Thursday, July 26, 2007

Procedural Content Generation for a Star Trek MMORPG

What if a lot of the content -- planets, asteroids, etc. -- of Star Trek Online were procedurally generated on demand, rather than all of it having to be hand-created by artists and programmers?

In other words, information about assets is stored as a short series of values, which are then used as inputs to code (the "procedure") that generates the final version of the assets at run time when (and only when) a player needs them. The appearance and behavior of assets is dynamically generated by the code, rather than being stored in some bulky and near-final (but quick to display) form as data.

This was a technique popular when storage space and bandwidth were both very limited. As processor speed over time became the more significant bottleneck, programmers switched to pre-generating assets because it's faster to push those to the user. (But I understand that procedural generation has remained popular with demo programmers in Europe -- I think it's where Will Wright got the idea for how to create sharable creatures in Spore.)

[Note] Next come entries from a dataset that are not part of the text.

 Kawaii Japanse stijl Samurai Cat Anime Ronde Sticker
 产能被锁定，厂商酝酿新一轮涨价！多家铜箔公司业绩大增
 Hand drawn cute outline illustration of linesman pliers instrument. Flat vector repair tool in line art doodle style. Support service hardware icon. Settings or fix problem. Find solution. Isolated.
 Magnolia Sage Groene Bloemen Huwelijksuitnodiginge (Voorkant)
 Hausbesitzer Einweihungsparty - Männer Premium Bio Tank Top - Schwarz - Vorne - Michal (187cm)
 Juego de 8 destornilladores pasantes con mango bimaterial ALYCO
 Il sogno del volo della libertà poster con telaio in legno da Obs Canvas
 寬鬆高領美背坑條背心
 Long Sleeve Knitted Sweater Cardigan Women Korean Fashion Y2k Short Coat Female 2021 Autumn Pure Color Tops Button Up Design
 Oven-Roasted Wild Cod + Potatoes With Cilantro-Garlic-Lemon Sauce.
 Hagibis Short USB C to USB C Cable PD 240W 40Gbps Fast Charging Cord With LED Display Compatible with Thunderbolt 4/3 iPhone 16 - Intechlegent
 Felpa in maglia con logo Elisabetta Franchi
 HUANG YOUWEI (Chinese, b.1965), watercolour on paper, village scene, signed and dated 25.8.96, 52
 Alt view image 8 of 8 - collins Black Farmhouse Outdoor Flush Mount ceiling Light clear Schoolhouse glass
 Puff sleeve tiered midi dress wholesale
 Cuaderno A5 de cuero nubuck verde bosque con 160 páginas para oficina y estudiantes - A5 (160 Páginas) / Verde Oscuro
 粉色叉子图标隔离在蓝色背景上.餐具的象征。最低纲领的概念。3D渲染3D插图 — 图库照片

Both Spore (for creatures) and Infinity (for planets) are using this method for defining content. Because the number of values used to produce the output is relatively small, Spore benefits from this method because it minimizes bandwidth in sharing procedurally-generated creatures over the Internet with other players. And Infinity benefits because the small storage footprint of each world allows for billions of unique worlds (and their rapid generation) on a game server.

So, going by that definition, I don't think we've seen anything yet from Perpetual that suggests that there'll be "run-time procedural generation" of content, which I agree would be tremendously exciting. Although Perpetual may be doing some random generation of planet features, it appears that planets are being pre-generated and hand-tweaked.

When presentation speed is an issue, that's not necessarily a bad choice.

But man, wouldn't it be beyond cool if Star Trek Online procedurally generated millions of planets in the Star Trek galaxy to explore?